- Supreme Court of the United States

Submitted January 8, 1885 Decided January 19, 1885
- Full case name: Bicknell v. Comstock
- Citations: 113 U.S. 149 (more) 5 S. Ct. 399; 28 L. Ed. 962

Court membership
- Chief Justice Morrison Waite Associate Justices Samuel F. Miller · Stephen J. Field Joseph P. Bradley · John M. Harlan William B. Woods · Stanley Matthews Horace Gray · Samuel Blatchford

Case opinion
- Majority: Miller, joined by unanimous

= Bicknell v. Comstock =

Bicknell v. Comstock, 113 U.S. 149 (1885), was an action to recover the cost paid for a tract of land in Iowa and the value of the improvements made by the defendant. The complaint alleged a conveyance by Bicknell to one Bennett, the subsequent transfer to the defendant by sundry mesne conveyances, valuable improvements on the premises made by Bennett and his grantees, and a failure of title in Bicknell, when the deed was made by reason of a superior title in the State of Iowa under a land grant. Judgment below for plaintiff, to reverse which this writ of error was brought.

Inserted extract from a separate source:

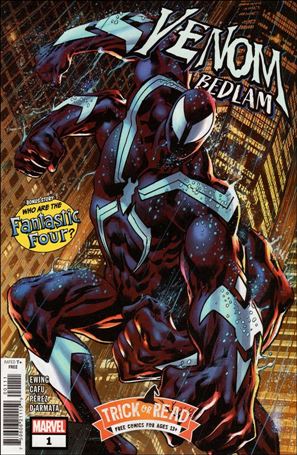 Venom (2022) issue 21-D Bryan Hitch Trick-or-Read Cover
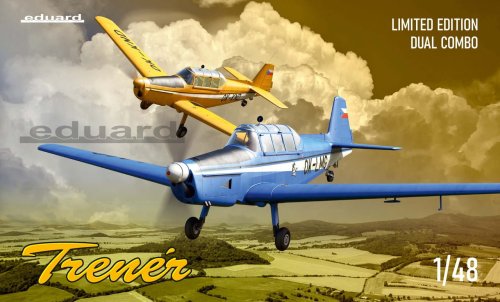 Przejdź do produktu EDUARD 11152 - 1:48 Trener Zlin Z-226 Dual Combo Limited Edition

The mutilation (without the consent and against the protest of the grantee) of a land patent for public land by the Commissioner of the United States General Land Office, after its execution and transmission to the grantee, and the like mutilation of the record thereof, do not affect the validity of the patent. A state statute of limitations as to real actions begins to run in favor of a claimant under a patent from the United States on the issue of the patent and its transmission to the grantee.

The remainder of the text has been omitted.